With those words, George Mason University Mason Korea campus dean Joshua Park welcomed 272 new students to the Spring 2026 Convocation on February 27. It is the largest incoming class in the campus's history.

Undergraduate enrollment at Mason Korea reached 202 freshmen, joined by 18 new Flex-Master of Laws (Flex-LLM) students. International students numbered 198, a 37% increase since spring 2025, underscoring the campus's growing reputation as a global learning environment.

Photo by Daiyoon Lim/Mason Korea

The ceremony brought together leadership from both sides of the Pacific. Janette Muir, vice provost for academic affairs, a founding member of Mason Korea, and Cheryl Druehl, interim dean of the Costello College of Business, made the trip to Incheon. Incheon Global Campus’s new chairman, Ju-young Byun, also joined the ceremony.

Muir called Mason Korea "a place where the energy of innovation is alive" and urged students not to settle for just a degree. "Use this global education bridging two cultures to expand what you believe is possible," she said.

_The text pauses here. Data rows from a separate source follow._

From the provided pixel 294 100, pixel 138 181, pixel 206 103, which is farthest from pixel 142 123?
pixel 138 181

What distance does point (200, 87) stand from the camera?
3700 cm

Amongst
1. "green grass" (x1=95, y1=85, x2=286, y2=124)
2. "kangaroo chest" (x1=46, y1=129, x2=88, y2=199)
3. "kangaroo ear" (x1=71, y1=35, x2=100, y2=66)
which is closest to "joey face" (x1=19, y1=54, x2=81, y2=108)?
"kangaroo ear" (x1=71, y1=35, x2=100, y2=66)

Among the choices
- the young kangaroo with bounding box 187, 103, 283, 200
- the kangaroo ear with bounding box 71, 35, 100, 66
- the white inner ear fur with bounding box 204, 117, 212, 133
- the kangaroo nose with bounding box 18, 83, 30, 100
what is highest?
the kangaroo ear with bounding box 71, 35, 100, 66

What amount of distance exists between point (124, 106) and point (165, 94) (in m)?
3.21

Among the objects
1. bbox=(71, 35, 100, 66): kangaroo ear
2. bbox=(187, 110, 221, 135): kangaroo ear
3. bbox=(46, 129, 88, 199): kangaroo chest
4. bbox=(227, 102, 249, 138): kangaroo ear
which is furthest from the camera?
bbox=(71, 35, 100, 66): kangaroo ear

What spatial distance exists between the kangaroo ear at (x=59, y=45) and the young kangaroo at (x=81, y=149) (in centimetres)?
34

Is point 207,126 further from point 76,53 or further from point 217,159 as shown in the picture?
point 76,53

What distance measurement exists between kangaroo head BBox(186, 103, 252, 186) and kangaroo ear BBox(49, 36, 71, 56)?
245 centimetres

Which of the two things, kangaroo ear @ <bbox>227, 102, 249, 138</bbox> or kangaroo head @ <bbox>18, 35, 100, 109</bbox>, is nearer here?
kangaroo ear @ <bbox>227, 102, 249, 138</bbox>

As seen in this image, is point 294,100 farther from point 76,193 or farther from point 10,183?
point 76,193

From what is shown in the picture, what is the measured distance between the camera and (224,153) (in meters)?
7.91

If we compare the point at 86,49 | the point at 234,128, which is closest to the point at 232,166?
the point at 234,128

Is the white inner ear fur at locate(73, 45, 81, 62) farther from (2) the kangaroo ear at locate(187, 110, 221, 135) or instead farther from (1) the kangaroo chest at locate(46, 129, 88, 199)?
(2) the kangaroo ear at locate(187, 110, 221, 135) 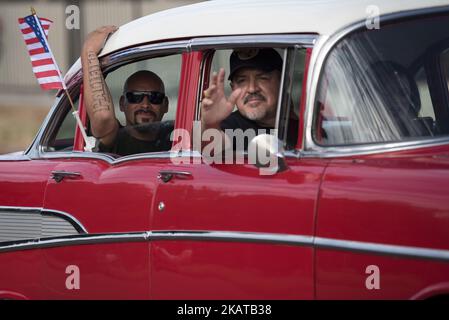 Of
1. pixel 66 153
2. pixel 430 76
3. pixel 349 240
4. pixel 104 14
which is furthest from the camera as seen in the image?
pixel 104 14

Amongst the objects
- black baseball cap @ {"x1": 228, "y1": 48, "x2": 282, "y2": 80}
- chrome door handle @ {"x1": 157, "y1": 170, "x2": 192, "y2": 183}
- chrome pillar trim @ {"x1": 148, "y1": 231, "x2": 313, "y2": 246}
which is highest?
black baseball cap @ {"x1": 228, "y1": 48, "x2": 282, "y2": 80}

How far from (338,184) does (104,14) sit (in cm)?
1863

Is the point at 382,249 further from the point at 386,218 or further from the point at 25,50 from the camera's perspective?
the point at 25,50

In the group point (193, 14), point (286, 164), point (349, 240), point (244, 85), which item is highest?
point (193, 14)

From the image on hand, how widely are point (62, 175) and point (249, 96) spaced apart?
111cm

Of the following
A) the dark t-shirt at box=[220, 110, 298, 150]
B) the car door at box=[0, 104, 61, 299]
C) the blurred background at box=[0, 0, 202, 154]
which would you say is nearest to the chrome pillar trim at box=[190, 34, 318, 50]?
the dark t-shirt at box=[220, 110, 298, 150]

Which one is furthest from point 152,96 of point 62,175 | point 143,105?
point 62,175

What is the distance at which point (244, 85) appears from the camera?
5.00 m

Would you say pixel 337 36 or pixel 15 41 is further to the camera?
pixel 15 41

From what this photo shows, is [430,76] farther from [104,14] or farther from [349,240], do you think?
[104,14]

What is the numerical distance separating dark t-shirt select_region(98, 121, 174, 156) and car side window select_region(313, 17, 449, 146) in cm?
107

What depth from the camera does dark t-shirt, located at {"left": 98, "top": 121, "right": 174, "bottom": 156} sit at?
530 centimetres

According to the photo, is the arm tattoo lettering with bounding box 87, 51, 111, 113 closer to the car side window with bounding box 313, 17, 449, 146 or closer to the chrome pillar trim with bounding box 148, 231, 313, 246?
the chrome pillar trim with bounding box 148, 231, 313, 246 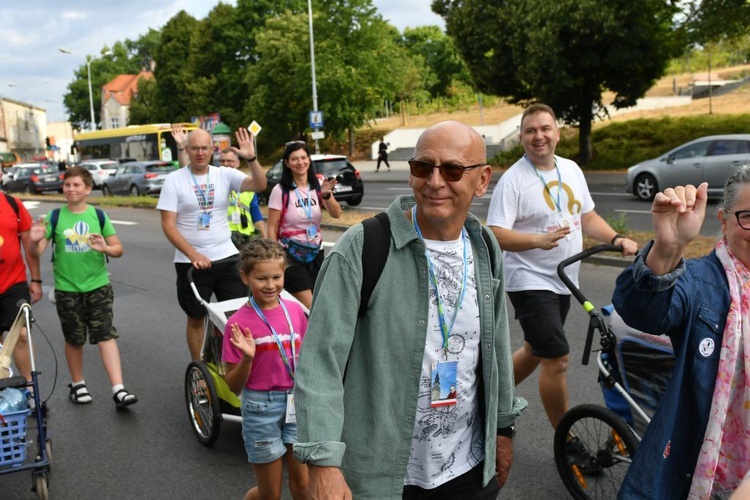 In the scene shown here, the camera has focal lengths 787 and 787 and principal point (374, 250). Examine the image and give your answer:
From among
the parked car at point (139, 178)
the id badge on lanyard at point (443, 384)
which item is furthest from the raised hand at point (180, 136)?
the parked car at point (139, 178)

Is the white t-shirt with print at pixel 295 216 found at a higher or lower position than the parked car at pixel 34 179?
higher

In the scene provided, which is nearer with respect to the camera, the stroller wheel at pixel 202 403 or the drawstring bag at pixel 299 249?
the stroller wheel at pixel 202 403

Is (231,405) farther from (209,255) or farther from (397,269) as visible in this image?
(397,269)

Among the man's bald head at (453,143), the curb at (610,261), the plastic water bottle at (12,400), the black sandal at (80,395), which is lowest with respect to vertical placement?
the black sandal at (80,395)

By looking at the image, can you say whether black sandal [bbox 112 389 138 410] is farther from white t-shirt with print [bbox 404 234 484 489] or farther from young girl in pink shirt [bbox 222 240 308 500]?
white t-shirt with print [bbox 404 234 484 489]

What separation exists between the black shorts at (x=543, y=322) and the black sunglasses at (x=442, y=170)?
6.91ft

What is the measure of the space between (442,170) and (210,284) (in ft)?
12.3

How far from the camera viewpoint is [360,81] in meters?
43.3

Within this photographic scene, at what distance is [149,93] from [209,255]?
75413mm

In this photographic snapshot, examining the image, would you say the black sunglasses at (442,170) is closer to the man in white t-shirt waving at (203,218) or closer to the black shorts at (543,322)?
the black shorts at (543,322)

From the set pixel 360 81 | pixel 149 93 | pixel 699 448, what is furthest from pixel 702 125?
pixel 149 93

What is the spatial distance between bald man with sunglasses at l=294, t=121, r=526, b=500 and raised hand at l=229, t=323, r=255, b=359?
1.33 meters

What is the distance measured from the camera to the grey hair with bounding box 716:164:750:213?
2297 mm

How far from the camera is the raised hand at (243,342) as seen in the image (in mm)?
→ 3521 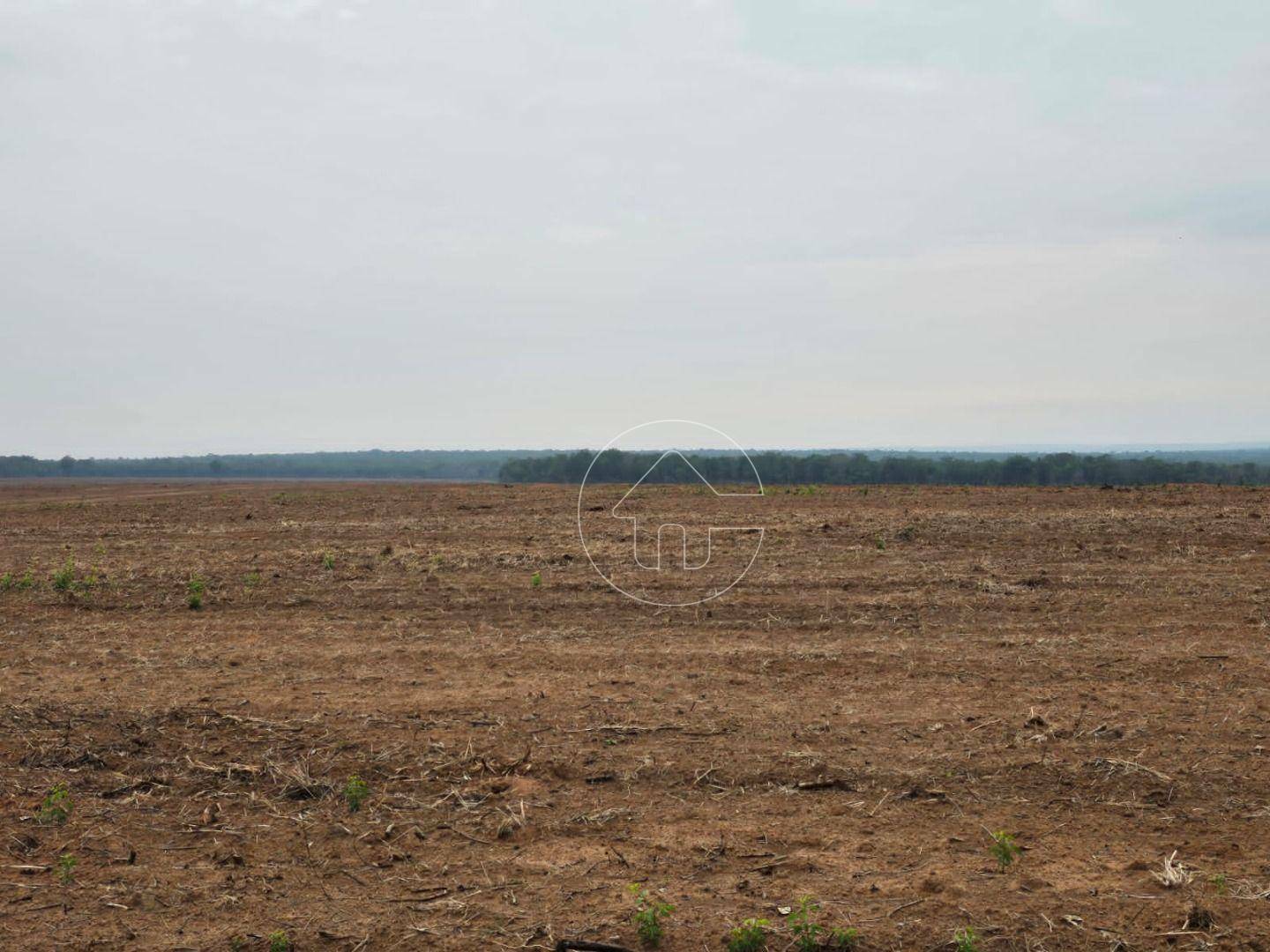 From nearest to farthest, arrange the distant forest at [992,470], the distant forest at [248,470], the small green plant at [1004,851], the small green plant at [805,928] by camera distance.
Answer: the small green plant at [805,928] → the small green plant at [1004,851] → the distant forest at [992,470] → the distant forest at [248,470]

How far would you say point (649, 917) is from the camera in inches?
162

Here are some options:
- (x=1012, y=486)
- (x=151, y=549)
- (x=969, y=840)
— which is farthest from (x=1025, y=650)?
(x=1012, y=486)

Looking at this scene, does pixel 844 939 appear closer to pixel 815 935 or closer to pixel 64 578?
pixel 815 935

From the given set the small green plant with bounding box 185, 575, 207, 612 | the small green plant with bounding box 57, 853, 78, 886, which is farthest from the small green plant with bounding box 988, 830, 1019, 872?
the small green plant with bounding box 185, 575, 207, 612

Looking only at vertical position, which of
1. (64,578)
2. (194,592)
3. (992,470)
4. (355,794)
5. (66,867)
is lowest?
(66,867)

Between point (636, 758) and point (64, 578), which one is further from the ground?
point (64, 578)

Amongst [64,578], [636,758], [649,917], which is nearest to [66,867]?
[649,917]

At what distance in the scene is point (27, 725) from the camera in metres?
6.78

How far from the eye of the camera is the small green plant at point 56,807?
17.5 ft

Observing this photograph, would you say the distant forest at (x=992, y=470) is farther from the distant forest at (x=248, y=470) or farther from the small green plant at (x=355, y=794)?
the distant forest at (x=248, y=470)

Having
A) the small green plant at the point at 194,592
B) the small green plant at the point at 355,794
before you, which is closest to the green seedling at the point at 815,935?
the small green plant at the point at 355,794

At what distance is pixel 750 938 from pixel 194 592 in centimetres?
964

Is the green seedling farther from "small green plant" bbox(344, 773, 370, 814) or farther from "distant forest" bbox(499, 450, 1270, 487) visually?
"distant forest" bbox(499, 450, 1270, 487)

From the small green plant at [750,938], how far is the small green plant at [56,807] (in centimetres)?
393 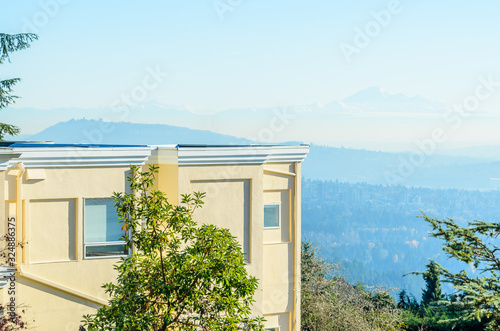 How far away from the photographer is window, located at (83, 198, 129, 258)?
11922mm

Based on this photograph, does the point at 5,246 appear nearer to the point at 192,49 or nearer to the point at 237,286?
the point at 237,286

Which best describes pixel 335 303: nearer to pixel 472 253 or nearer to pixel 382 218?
pixel 472 253

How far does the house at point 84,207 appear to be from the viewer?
11117 mm

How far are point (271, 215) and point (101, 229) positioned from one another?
4.38m

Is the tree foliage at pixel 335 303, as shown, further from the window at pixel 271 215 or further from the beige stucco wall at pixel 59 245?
the beige stucco wall at pixel 59 245

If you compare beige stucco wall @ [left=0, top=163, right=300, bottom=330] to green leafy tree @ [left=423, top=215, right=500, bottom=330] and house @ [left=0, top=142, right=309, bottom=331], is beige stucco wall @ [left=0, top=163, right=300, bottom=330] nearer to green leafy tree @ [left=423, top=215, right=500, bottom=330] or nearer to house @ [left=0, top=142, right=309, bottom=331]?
house @ [left=0, top=142, right=309, bottom=331]

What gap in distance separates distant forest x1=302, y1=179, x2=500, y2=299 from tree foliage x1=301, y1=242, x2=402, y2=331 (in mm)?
46658

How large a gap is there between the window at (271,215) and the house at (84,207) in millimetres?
1025

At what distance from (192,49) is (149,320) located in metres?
41.5

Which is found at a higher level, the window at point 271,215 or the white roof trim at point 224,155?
the white roof trim at point 224,155

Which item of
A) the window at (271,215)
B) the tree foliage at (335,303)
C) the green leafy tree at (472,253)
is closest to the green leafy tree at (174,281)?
the window at (271,215)

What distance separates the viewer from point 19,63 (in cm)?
2372

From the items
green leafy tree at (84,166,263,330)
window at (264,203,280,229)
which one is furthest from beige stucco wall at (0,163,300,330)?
green leafy tree at (84,166,263,330)

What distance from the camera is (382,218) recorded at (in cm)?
7694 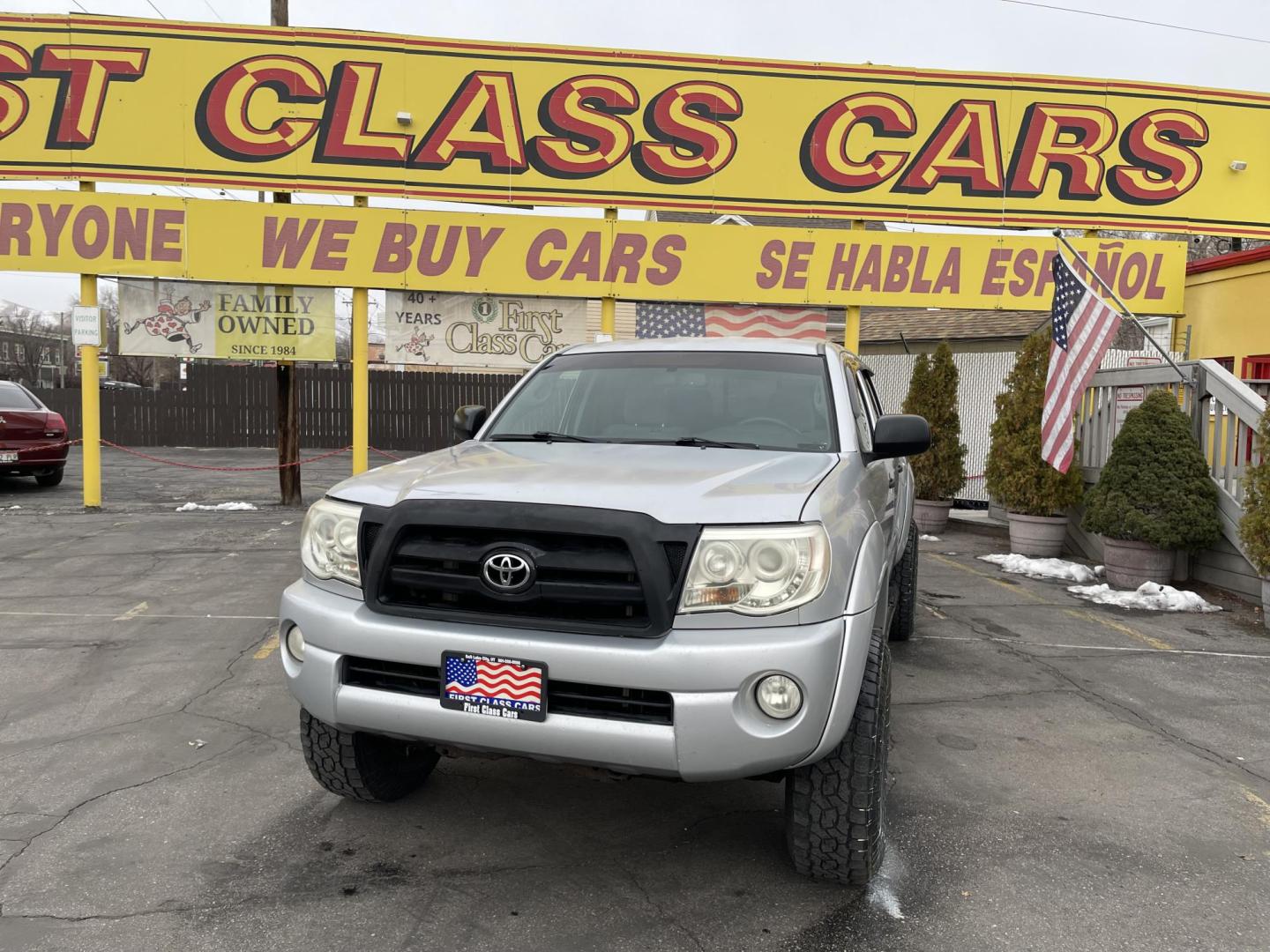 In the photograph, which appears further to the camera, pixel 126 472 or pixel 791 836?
pixel 126 472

Photo by Daiyoon Lim/Mason Korea

Park went on to challenge students directly. In an age of geopolitical uncertainty and AI-driven transformation, he said, the skills that matter most are global awareness and intellectual flexibility—the very values, he noted, that are embedded in George Mason's brand, All Together Different.

George Mason President Gregory Washington sent his congratulations via video from Fairfax.

Students at Mason Korea follow the same curriculum and earn the same degrees as their Virginia counterparts, spending three years in Incheon and one in Fairfax—a path that has taken graduates to KPMG, Samsung Biologics, the United Nations, and graduate programs at the London School of Economics, Sciences Po, and Johns Hopkins, among others.